• **WHAT YOU HAVE TO DO**: With pictures left out, set down every record word for word.

[Short descriptive text snippets]

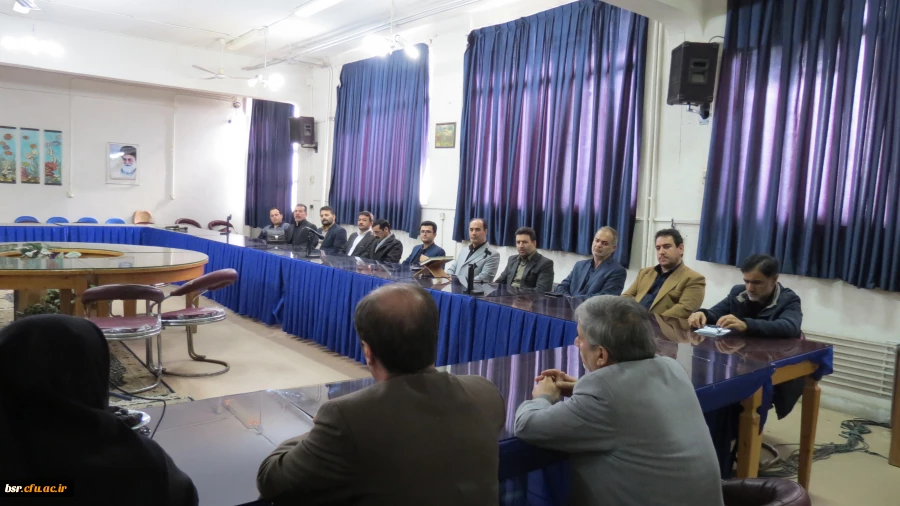 بزرگداشت ایت الله هاشمی رفسنجانی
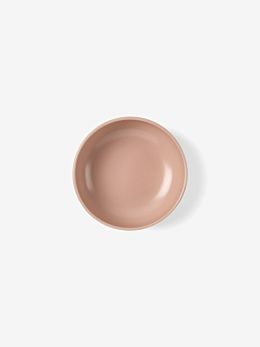 Mikkie Plaster Cereal Bowl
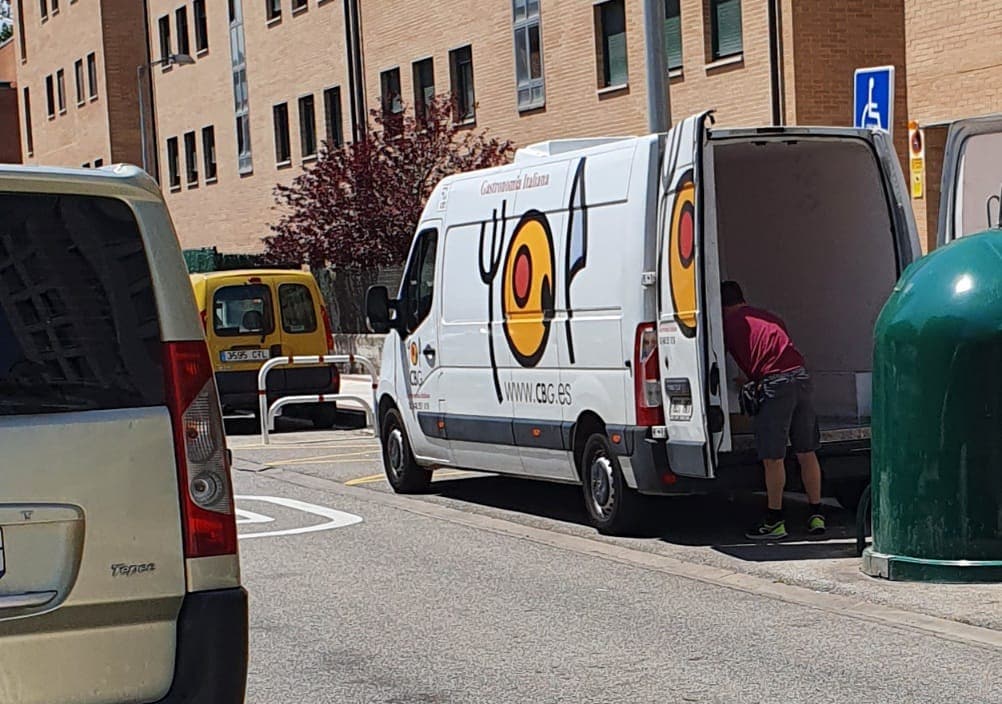 Okupasmotorizados ♿ tweet media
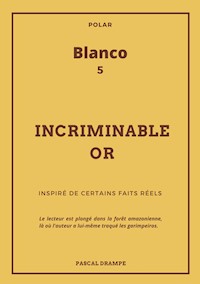 Incriminable or - Pascal Drampe - E-Book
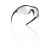 Bolle Okulary Taktyczne MY6 Eyeshield - Clear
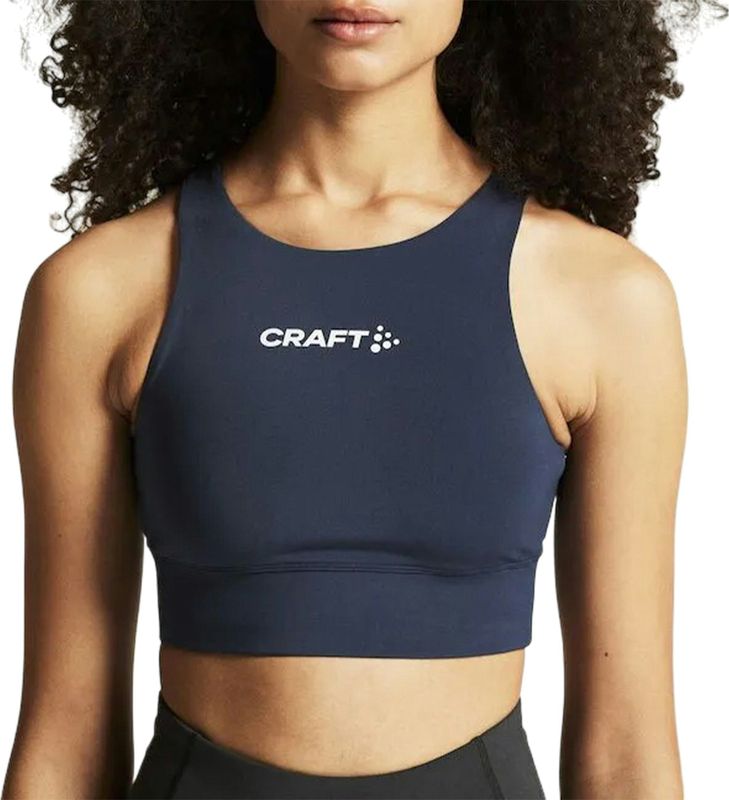 Craft - Rush 2.0 - Sport BH - Navy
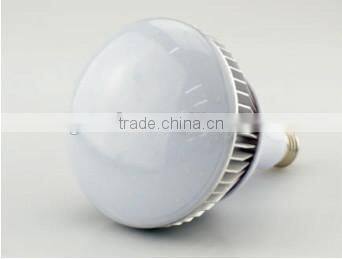 Shenzhen GK high brightness AC100~300V IP65 E27 20W high bay cob led lamp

• **RESPONSE AREA**:
 بزرگداشت ایت الله هاشمی رفسنجانی
 Mikkie Plaster Cereal Bowl
 Okupasmotorizados ♿ tweet media
 Incriminable or - Pascal Drampe - E-Book
 Bolle Okulary Taktyczne MY6 Eyeshield - Clear
 Craft - Rush 2.0 - Sport BH - Navy
 Shenzhen GK high brightness AC100~300V IP65 E27 20W high bay cob led lamp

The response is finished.